Masami Kurumada nasce em 6 de dezembro de 1953 em Tóquio. Na juventude é um rapaz perfeitamente normal, que brinca com seus amigos no parque ou à beira da estrada e que compra e lê o que é vendido em livrarias. Em particular, o que o jovem prefere são os mangás.

“As histórias que preferia quando jovem eram duas de Mitsuteru Yokoyama, Iga no Kagemaru e Tetsujin 28 Gô; eram obras que os meninos da época gostavam de ler mais do que qualquer outra. Mais tarde, quando eu cresci, pus os olhos pela primeira vez na revista Shônen Jump, que ainda não era semanal”.

Seu encontro com Shônen Jump, que em um mangá se poderia chamar destino, permitiu-lhe conhecer diversos mangakás, um dos quais lhe causou uma forte impressão: Hiroshi Motomiya.

“A obra de Hiroshi Motomiya teve um impacto impressionante sobre mim; o título era a cores, e ao virar a página havia um efeito de fogo. ’Isto é um mangá!’, disse a mim mesmo. Não era um mangá de trato infantil e também tinha uma história deveras dramática, que me impressionou muito. É muito provável que, se naquela época eu não tivesse lido Otoko Ippiki Gaki Daishô, conhecendo Mankichi Togawa e recebendo aquelas influências... eu não teria me tornado aquele tipo de mangaká”.

Otoko Ippiki Gaki Daishô foi publicado em 1968 na Shônen Jump, com grandes resultados para Hiroshi Motomiya. O protagonista, Mankichi Togawa, só com seu punho e extraordinária coragem, reúne e guia bandos de jovens delinquentes por todo o país, e o tema principal do mangá são exatamente esses tipos de bandos. Quando Kurumada iniciou a escola militar secundária, não poderia imaginar que aquele mangá iria mudar sua vida. Algum tempo depois, ao final de seu terceiro ano na escola secundária, o jovem Kurumada decidiu ir à busca de seu novo caminho.

“Minha escola secundária era paga regularmente, de modo que quase todos os alunos pensavam em continuar os seus estudos indo à universidade. Ao ver isto perdi o desejo de estudar, ainda que todos os meus colegas de escola tivessem se formado em ordem dispersa. Eles o fizeram em universidades como Waseda e Keiô. Em seguida abriram uma empresa, se casaram com estudantes da mesma ou de outra universidade, compraram uma casa por vários milhões de ienes e passaram suas vidas pagando empréstimos... Eu pensei: ‘A vida de uma pessoa é essa?’. E ao mesmo tempo me disse: ‘O que eu tenho de diferente das pessoas comuns?’. ‘Nada’, pensei, ‘exceto o fato de amar mangá’. Foi naquele momento, de repente, que decidi me tornar um mangaká, e até então eu nunca pensara seriamente sobre isso. Pensando agora, porém, foi muito notável que pudesse entrar naquele mundo e entender como era realizado aquele trabalho”.

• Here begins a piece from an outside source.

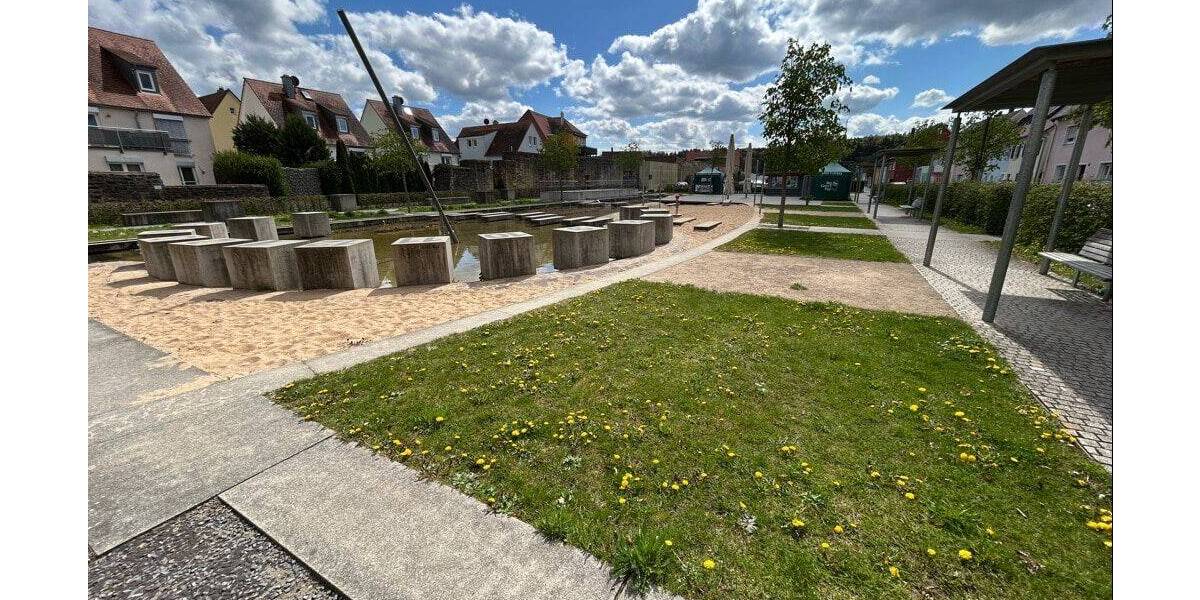 Einfamilienhaus Wassertrüdingen - 7 Zimmer, 180 m&sup2;, 215.000&euro; | Angebot:26858858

A história da impetuosa luta pelo poder de Mankichi Togawa em Otoko Ippiki Gaki Daishô era a mesma que Kurumada, em sua juventude, queria construir para si mesmo... Em seguida, Masami Kurumada envia seu trabalho para a Shônen Jump, revista que publicava a obra de Motomiya.

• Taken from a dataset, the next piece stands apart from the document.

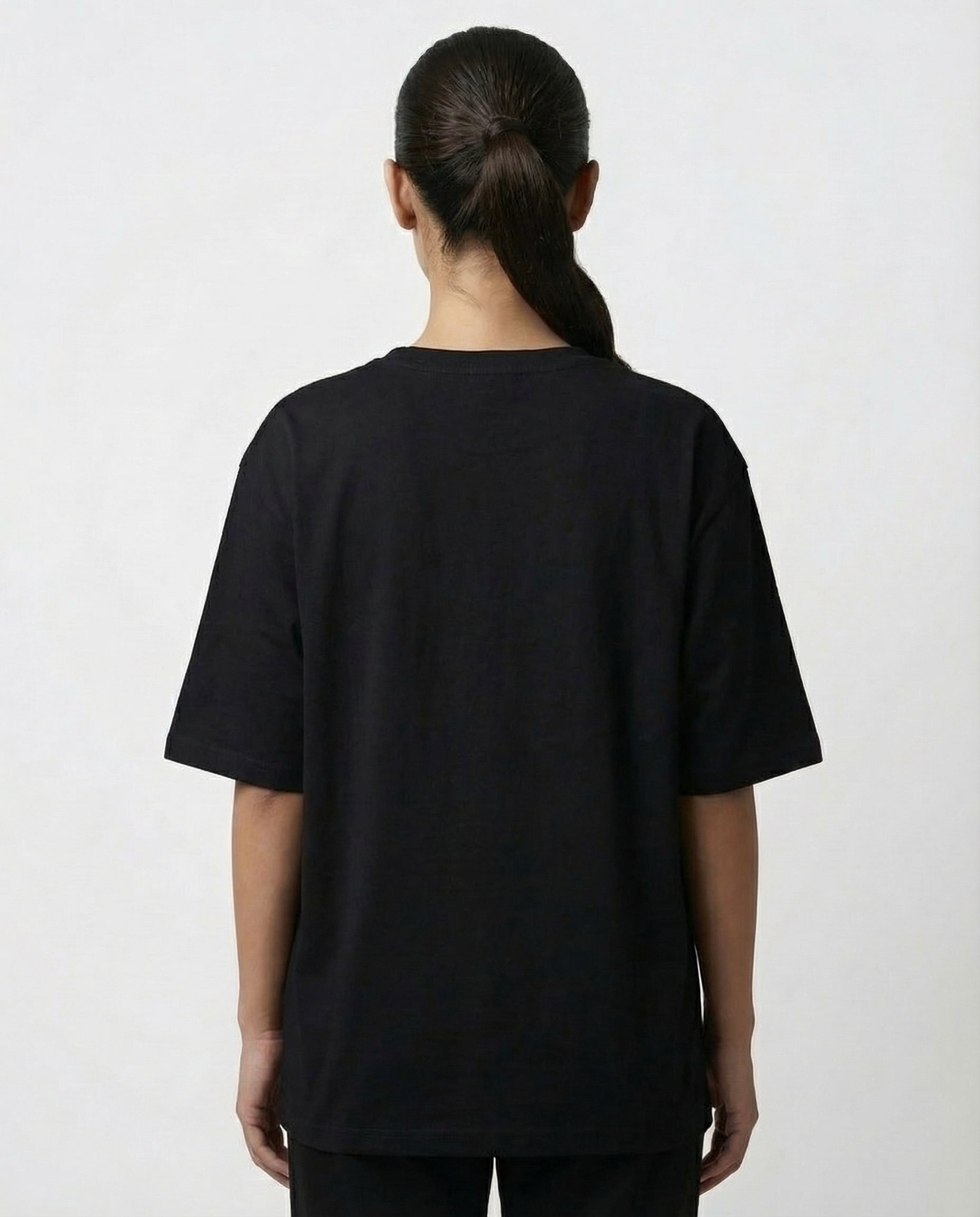 Relaxed Tee - Black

”O primeiro trabalho que enviei foi uma breve história a cores feita durante as férias de verão do meu terceiro ano da escola secundária, cuja trama envolvia novamente as gangues juvenis e era certamente muito influenciada por Otoko Ippiki Gaki Daishô. O editor que viu meu trabalho me informou que o assistente que trabalhava em Samurai Giants não era suficiente e que poderia desempenhar eu esse papel, usando-o como uma espécie de treinamento para se tornar mangaká. Quando entrei no estúdio, fiquei surpreso ao ver as imagens preparatórias; pensava que todas as texturas do mangá tinham que ser desenhadas à mão. Quando olhei os esboços feitos à mão, eu pude ver que as texturas eram aplicadas sobre a mesa e pensei: ‘Bem, então eu posso fazer isso também!’. Naquele momento, sem ter as noções básicas de mangaká, percebi o trabalho que pretendia apresentar. Enquanto fazia meu trabalho de assistente, eu também tinha um emprego em meio período e, nas horas vagas, comecei a ilustrar uma história minha para em seguida enviá-la à Shônen Jump”.

“Depois de ter sido assistente por cerca de dois anos, finalmente publiquei o meu primeiro mangá, Sukeban Arashi. A ideia era a de tornar-me independente, mas eu certamente não poderia esperar decolar com aquela história; o meu caminho no mundo do mangá, na verdade, começou com Ring ni Kakero”. Kurumada fala sobre seu primeiro grande sucesso, Ring ni Kakero, desta forma: “Eu ainda estava definindo o meu estilo e quando o observo agora, do ponto de vista artístico do desenho, me sinto muito inseguro. Sem dúvida, entrar no mundo profissional e repentinamente começar a desenhar significa uma série de coisas, como um aumento da popularidade, das recomendações do editor e dos comentários dos leitores... Mas, por outro lado, quando uma pessoa está focada no projeto não lhe importa muito aquilo que está acontecendo ao redor. Eu dizia a mim mesmo: 'Se eu me sinto bem, isso é suficiente!’ ”.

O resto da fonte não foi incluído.